Led by co-chairs Anognya Parthasarathy ’16 and Sarah Peck ’17, the Student Committee consisted of 14 members. By maintaining a small group, we were able to engage in extensive dialogue about important human rights violations taking place around the world, in the U.S., and at Colby. In the fall, the Student Committee created a number of opportunities for the campus community to meet and interact with our Oak Fellow, Jodi Koberinski. We also worked closely with other groups on campus, including The Center for the Arts and Humanities, the Pugh Center, the Feminist Alliance and the Environmental Studies Program to host a wonderful mix of events. These included Jodi’s lecture on the link between food and human rights; a presentation by Will Allen, the founder of Milwaukee-based “Growing Power“ and the recipient of a MacArthur Genius Grant, on the ways in which urban farming can sustain strong local communities; a talk by Gloria Otieno of Bioversity International on the fight for food sovereignty in east Africa; and a dinner with Maine organic farmers where we celebrated their work by eating food they had produced and that Colby students had prepared. On a creative note, the Oak Institute spent a week with Anna Sapershteyn, a Toronto-based artist-activist, building giant puppets to highlight human rights issues. Finally, the Student Committee held an organic trail mix-making event with our Oak Fellow to discover the roots and routes our food takes. It was a busy, fun and energizing semester.
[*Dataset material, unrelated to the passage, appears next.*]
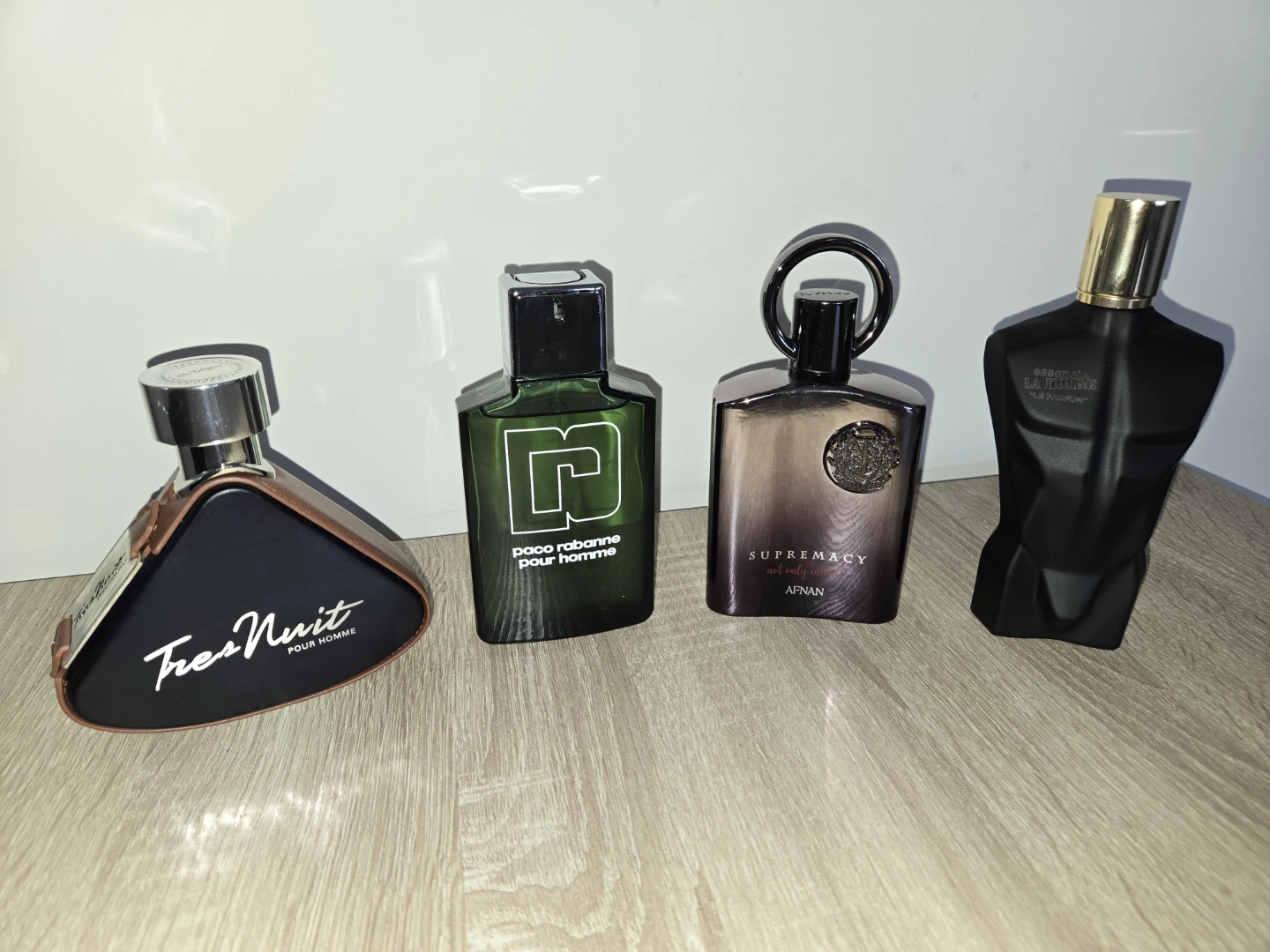 Perfume (1 = $40) or (3 = $100) - photo 2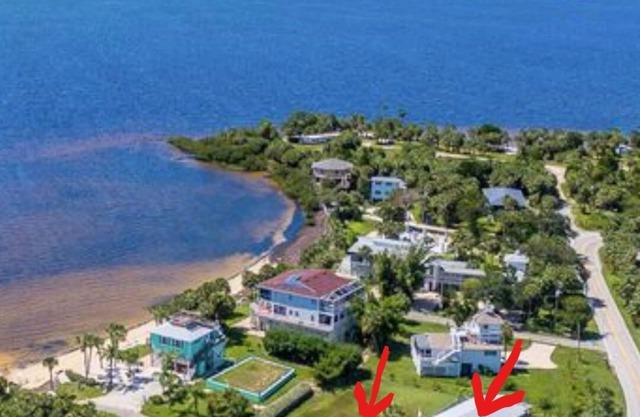 3/2 FL GULFSIDE BCH-HOUSE & 2 BEACHES! 10-EXCEPTIONAL. SPOTLESS! SLEEPS 6. Ahh!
In the spring, the Oak Student Committee continued their work despite the absence of the Oak Fellow. Their most ambitious program included inviting “Darkmatter,” a New York-based, South Asian transgender art and activist collaboration comprised of Janani Balasubramanian and Alok Vaid-Menon. Using poetry & polemic, tweet & tirade, the duo is committed to an art practice of gender self(ie) determination, racial justice, and movement building. The Oak Student Committee hosted the event, and garnered support from a number of campus organizations. The Dark Matter performance, in particular, was highly successful in that it attracted a big audience and generated visibility for Oak. But it also provoked strong, often emotional reactions from some members of the audience due to its controversial content and edgy presentation. Oak student leaders, as well as Director Hatch, quickly realized that a debriefing was necessary, and one was held within days of the event.